Francisco entró en el Aula Pablo VI del Vaticano ayudado por su bastón. Felicitó a los peregrinos por la semana de oración por la unidad de los cristianos y continuó su ciclo de catequesis para explicar cómo predicaba Jesús. Explicó sus cinco señas de identidad. La primera es la alegría. Dijo que sin ella, no se puede hacer llegar el Evangelio porque es una buena noticia.

FRANCISCO
Un cristiano triste puede hablar de cosas preciosas, pero todo es en vano si el anuncio que hace no es feliz. Decía un pensador: un cristiano triste es un triste cristiano. No olvidar esto.

La segunda seña de identidad de Jesús es que su predicación es liberadora. Por tanto, un buen cristiano no hace proselitismo ni impone pesos ni sentimientos de culpa a los demás.

FRANCISCO
Cierto, seguir a Jesús implica algún ascetismo y sacrificios. Por otro lado, por cada cosa bonita que pide, ¡cuánto más lo es la realidad decisiva de la vida! Pero el que da testimonio de Jesús muestra la belleza de la meta antes que la fatiga del camino.

Francisco puso un simpático ejemplo. Dijo que, quien hace un viaje, cuenta las cosas bonitas que ha visto. No las horas que duró ni la cola en el aeropuerto.

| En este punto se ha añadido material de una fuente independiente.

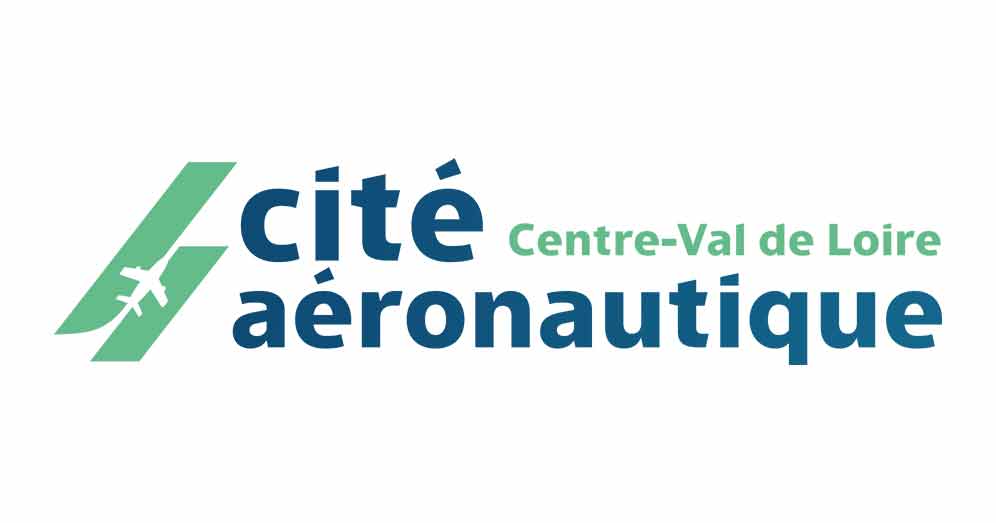 #metier
✈️ Découvrez les métiers du secteur aéronautique
👉 Visite virtuelle de la cité aéronautique Centre-Val de Loire

🔸 bureaux d'études méthodes
🔸 production
🔸 maintenance aéronautique
🔸 essai/qualité
🔸 logistique

ℹ️ infos : tinyurl.com/335c9nmt

#aeronautique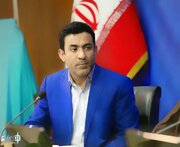 تقویت سرمایه اجتماعی از مهم‌ترین اولویت های شورای فرهنگ عمومی کهگیلویه و بویراحمد در سال جدید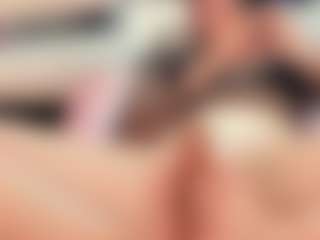 Cleodemon's Live Sex Cam Show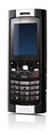Sanyo S1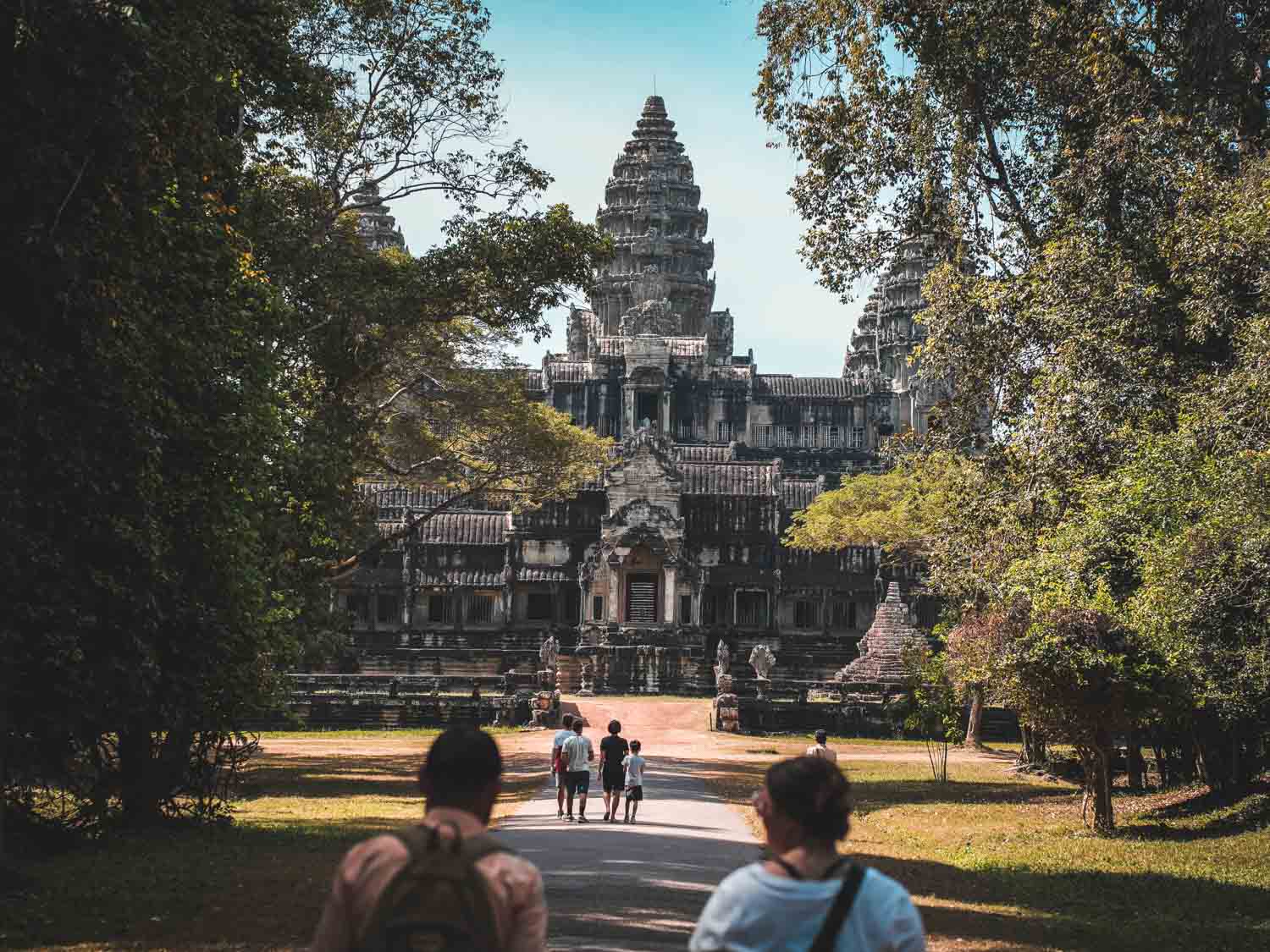 Discover-Authentic-Cambodia-Multi-Day-Trip-Angkor-Wat-Walk.jpg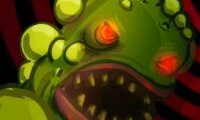 Monster Craft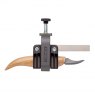 Tormek Tormek Small Knife Holder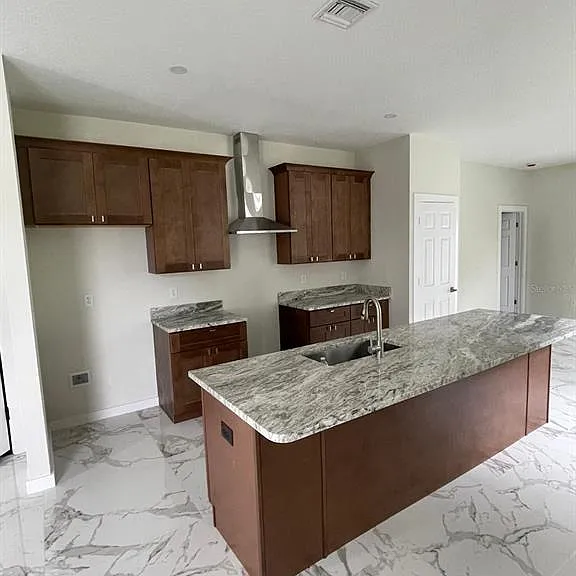 1207 Crawford Ave — Photo 5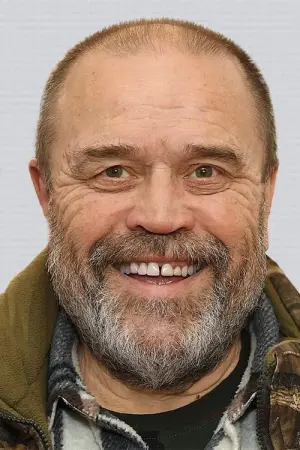 Фото Олександр Ілін #125916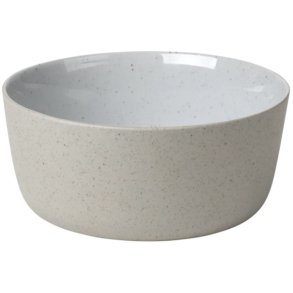 blomus SABLO Schale 13 cm, Cloud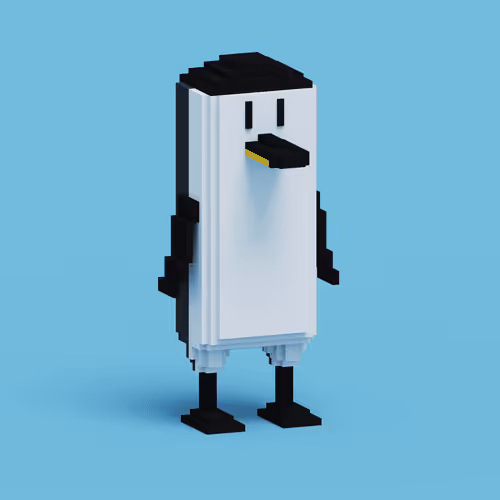 Item #46626391911597587875265226549521001034338391164475503533840738860996684152833 Media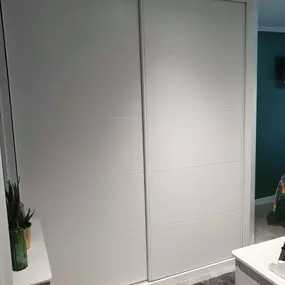 219032356-1-f5k8RupqTV1718298127485.jpeg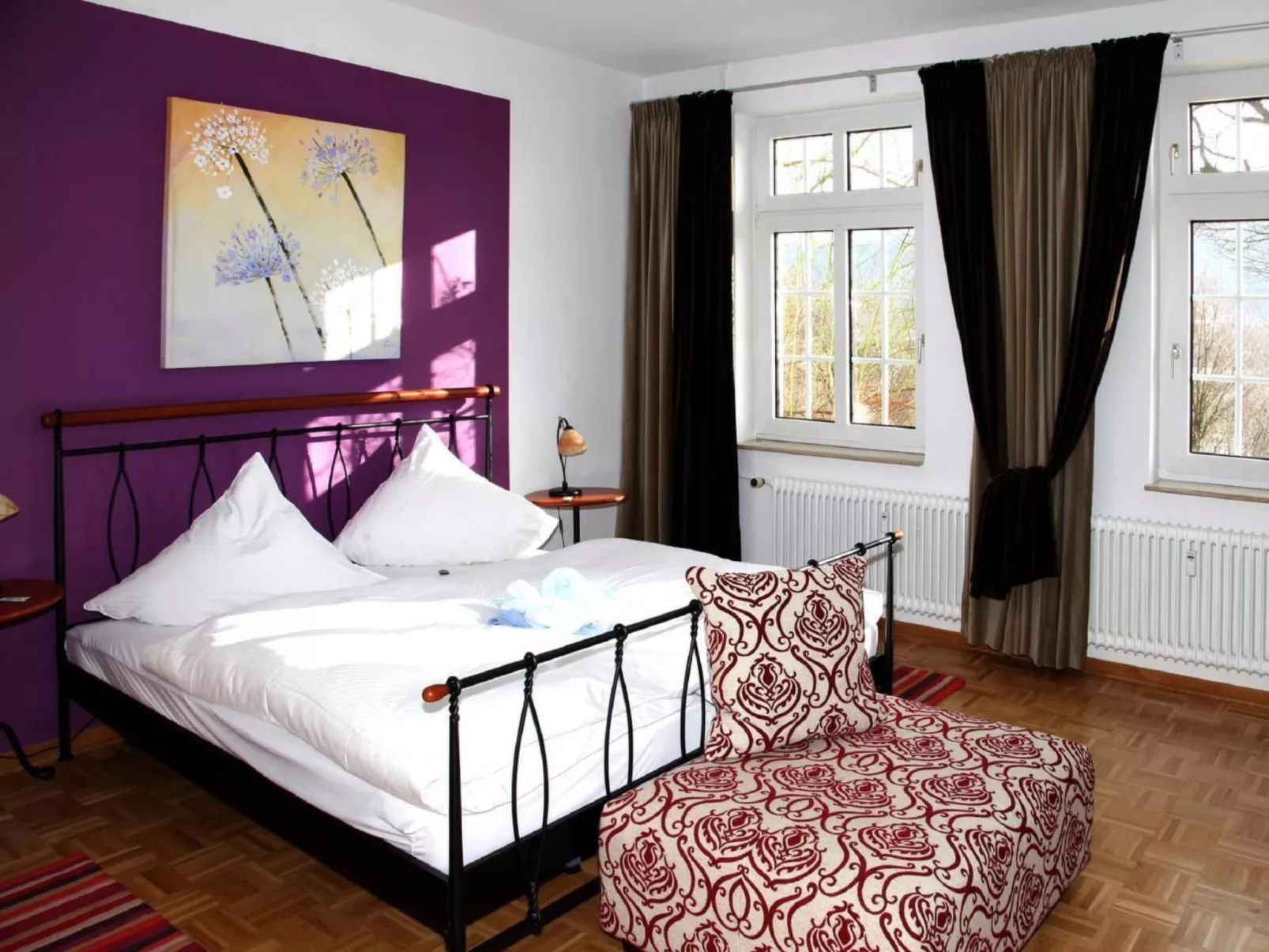 Romance-Image-tags.info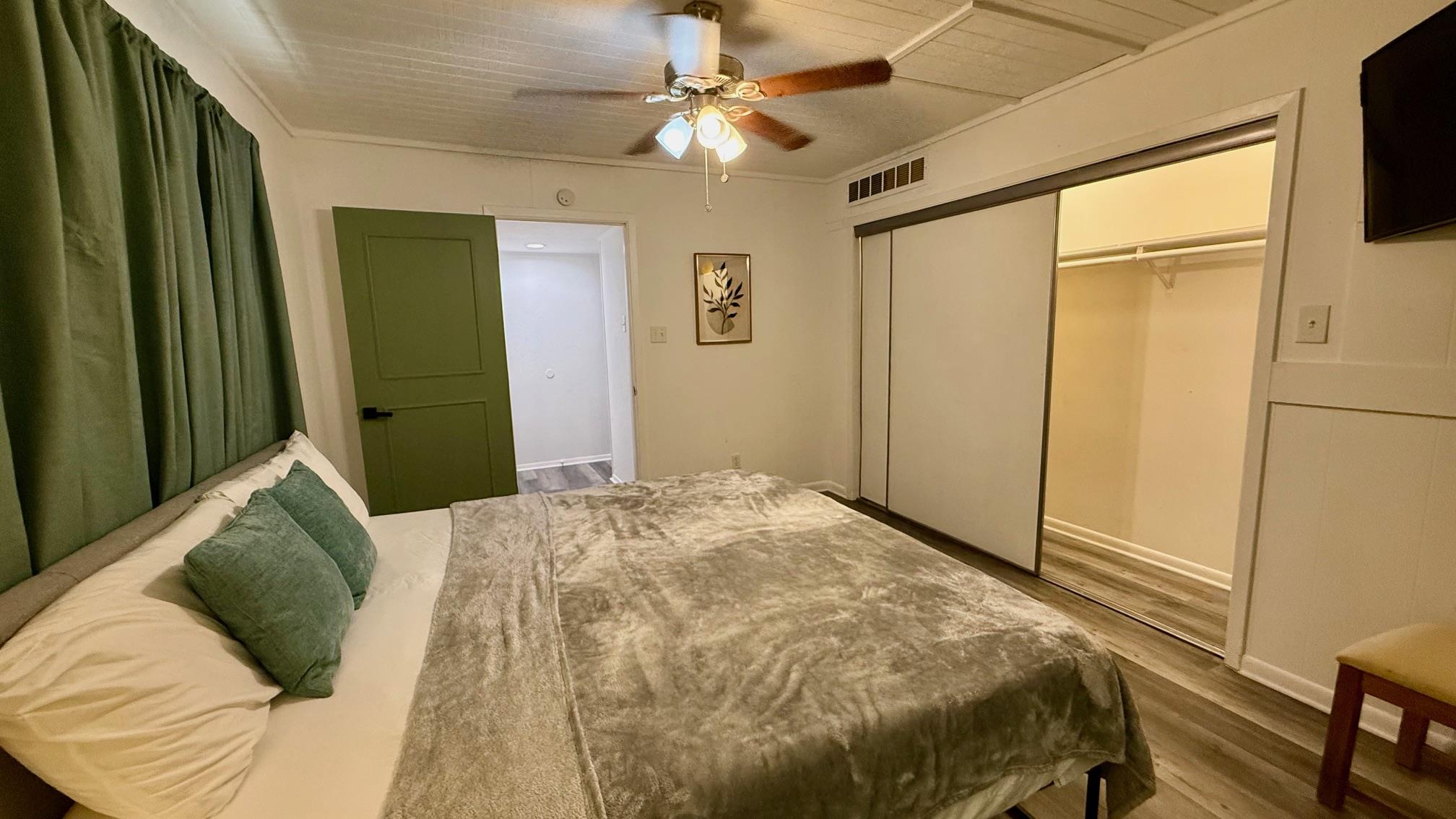 1802 University Ave # A, Georgetown, TX 78626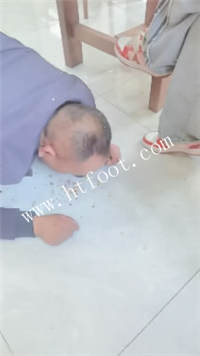 hqo2z2oo13g.jpg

La tercera seña de identidad del mensaje de Jesús es que trae la luz. Francisco explicó que curiosamente, ningún pasaje de la Biblia antes de Cristo cuenta la curación de un ciego. Dijo que es una señal de la venida del Mesías.

El cuarto rasgo del mensaje de Jesús es que es sanador. Francisco dijo que trae la cura para el pecado, un mal sin ningún remedio humano.

FRANCISCO
La buena noticia es que, con Jesús, este antiguo mal, el pecado, que parece invencible, ya no tiene la última palabra. Puedo pecar porque soy débil. Cualquiera de nosotros puede, pero esa no es la última palabra. La última palabra es la mano tendida de Jesús que te levanta del pecado. “Y padre, ¿esto cuándo lo hace?” ¿Una vez? No. ¿Dos veces? No. ¿Tres? No, siempre.

El último rasgo del mensaje Jesús, dijo el Papa, es que es sorprendente porque anuncia el perdón de Dios en los momentos menos esperados.

FRANCISCO
Dios lo olvida todo. ¿Y eso cómo? Sí, olvida todos nuestros pecados. Los olvida, para esto no tiene memoria
“Pero padre, yo hago siempre las mismas cosas”... ¡Y Él hará siempre las mismas! ¡Perdonarte, abrazarte! Por favor, no perdamos la confianza en esto.

Francisco concluyó su catequesis añadiendo que este mensaje de Jesús está especialmente dirigido a los pobres e invitó a los peregrinos a no olvidarse nunca de ellos.